Thursday, February 9, 2017
It snowed last night which earned us a two hour delay. I was excited for the extra time with the twinadoes and even more please when our whole morning routine went smoothly. No tears, no arguments, we all walked out the door smiling.
We were about ten minutes early to school and waiting at the car rider door when things changed. Miss A jammed a 'ring' (in reality, it was the sight off of a pair of toy binoculars) on to her index finger and got it stuck.
I tried sanitizer. I tried lotion. Being in the car, my resources were limited.
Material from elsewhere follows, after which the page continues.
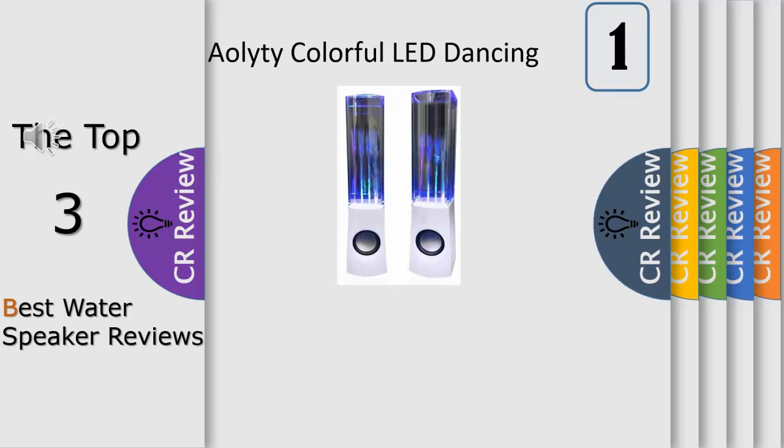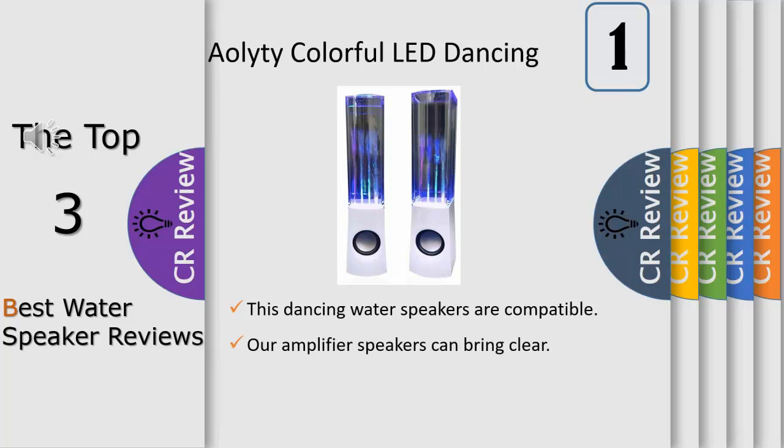Powerful sound with magical dancing water — the fountain speaker is an easy way to spice up your music listening and can change the feel of a house in seconds. Just plug these speakers into your iPhone, iPad, iPod, MP3/MP4 player, or home computer and let the party begin.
Between her dramatic screams I noticed her finger was swelling and she said it was really sore. So - with school still not open, we buckled back up and headed to the ER.
An hour from the actual time of the incident the ER docs (all two of them!) finally freed her. Her finger was still in tact, albeit a little read and sore but we survived.
I don't talk a whole lot the inner workings at home any more, but reality is - some days parenting is hard. Some days parenting Addison is really hard. She's a very unique individual. With a complex and sometimes confusing set of challenges.
When she struggles, I (we) struggle.
Kindergarten has been a huge challenge for her. She doesn't learn like her peers, but she works her but off and we've got an amazing team - doing absolutely EVERYTHING they can do for her to help her succeed. And she is succeeding, at her own pace. Doesn't mean she's not struggling.
She's misunderstood. People look at her and look at me and think I'm nuts when they hear about her challenges. These people don't see the fights in the morning over socks that feel funny. Pants that tickle. Tags that are attacking her back. And don't even get me started on need to brush her hair. Nearly every morning there are tears. I can't fix things and make them not bother her. (Lord have we tried.)
I've never met a child more resilient, brave and strong though - because no matter how uncomfortable she is, she pushes through.
Still there are things she does not understand. I cannot even imagine how in a split second she got this silly toy stuck to her finger, how she ever got it over her knuckle to begin with or how she didn't think, "This isn't going on, maybe I should not push it."
Pieces don't always connect for her. What seems logical to you, me, heck even Mr. B - they're not so logical to her.
One thing I've heard over and over this year, with school is that she doesn't fit any certain criteria. She may struggle with one thing, but do great with another part of the same things, like letters. Her teacher gave me this example, when identifing letters - Addi could id the letter 'v', later during a writing assignment - she asked how to spell 'cave' and the teacher prompted her 'c...a...v...e....", she wrote the letter 'v' without having it pointed out to her. It's hard even for them to find the pieces.
I don't know how to accurately explain today, because it wasn't just the toy stuck to her finger after that. It all went down hill. She's been extra emotional today. Into everything. As in, cannot be left alone for a split second without doing something she knows is off limits.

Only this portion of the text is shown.